# SUPPLIED RECORDS
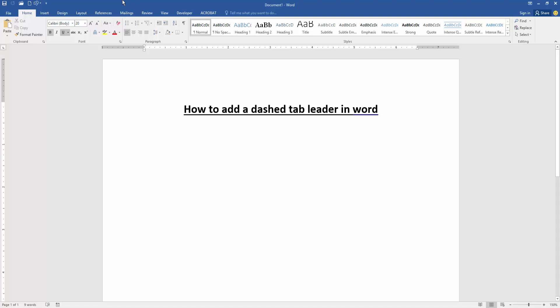Assalamualaikum, hello friends, how are you? Welcome back to another video. In this video, I'm going to show you how to add a dash tab leader in Microsoft Word. Let's get started. Firstly, we have to open our document.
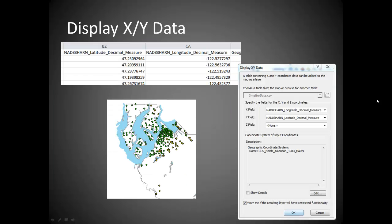Another skill in this lab is displaying XY data. You'll be provided with soil sample datasets that include latitude and longitude coordinates, which can easily be converted into point features. The display XY data procedure creates a temporary event layer in ArcMap. To make this a permanent feature, export each layer to our feature dataset by right-clicking and selecting Data Export. From there we'll create a new feature class, amend its data, and separate out the arsenic and lead sample points.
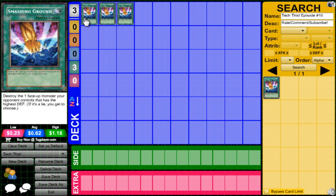So today we'll be discussing Smashing Ground, which is a normal spell card, and it reads: Destroy the one face-up monster your opponent controls that has the highest defense. If it's a tie, you get to choose.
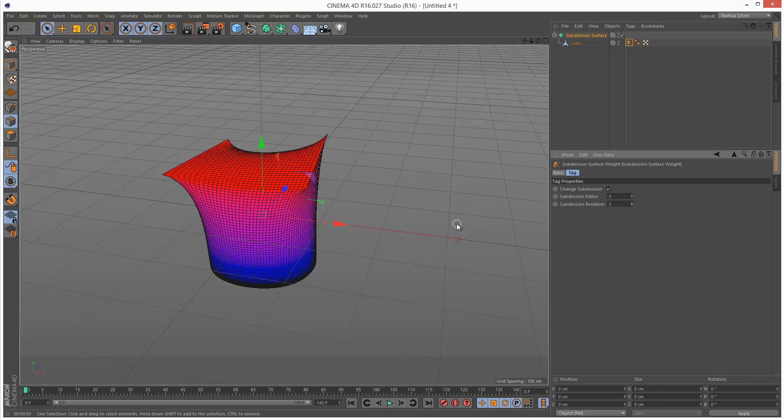So that's your quick introduction to subdivision surfaces in the new Cinema 4D Release 16. Please share this on Facebook and Twitter, and thanks for watching.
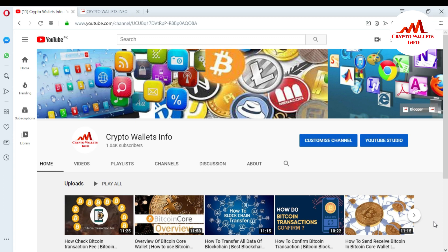Today we will discuss a new wallet — its full name is Dogecoin Core Wallet. In this video I'm going to show you how you can download the Dogecoin wallet and where you can get the setup of Dogecoin Core Wallet. This is very easy and this video is going to be very interesting for you, so watch till the end.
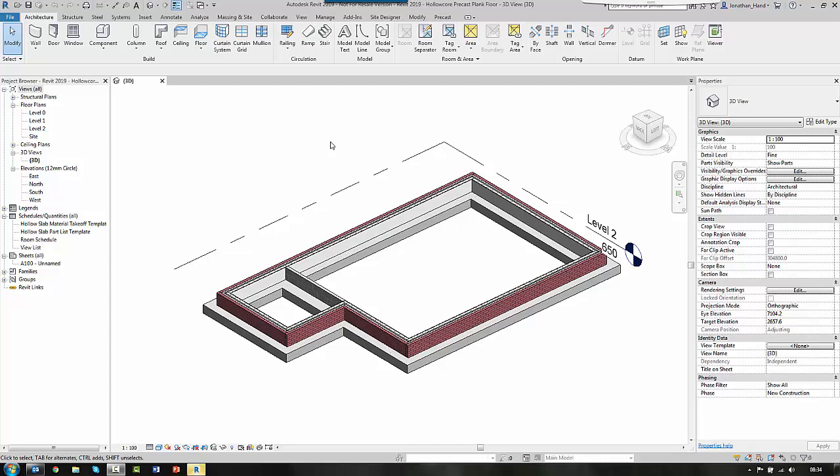Hi everyone, welcome to this quick tutorial video on how to create some hollow core precast plank floor beams.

# EXERCISE BRIEF
Output, exactly, all the records above; include no pictures.

# EXERCISE SOLUTION
Assalamualaikum, hello friends, how are you? Welcome back to another video. In this video, I'm going to show you how to add a dash tab leader in Microsoft Word. Let's get started. Firstly, we have to open our document.
Another skill in this lab is displaying XY data. You'll be provided with soil sample datasets that include latitude and longitude coordinates, which can easily be converted into point features. The display XY data procedure creates a temporary event layer in ArcMap. To make this a permanent feature, export each layer to our feature dataset by right-clicking and selecting Data Export. From there we'll create a new feature class, amend its data, and separate out the arsenic and lead sample points.
So today we'll be discussing Smashing Ground, which is a normal spell card, and it reads: Destroy the one face-up monster your opponent controls that has the highest defense. If it's a tie, you get to choose.
So that's your quick introduction to subdivision surfaces in the new Cinema 4D Release 16. Please share this on Facebook and Twitter, and thanks for watching.
Today we will discuss a new wallet — its full name is Dogecoin Core Wallet. In this video I'm going to show you how you can download the Dogecoin wallet and where you can get the setup of Dogecoin Core Wallet. This is very easy and this video is going to be very interesting for you, so watch till the end.
Hi everyone, welcome to this quick tutorial video on how to create some hollow core precast plank floor beams.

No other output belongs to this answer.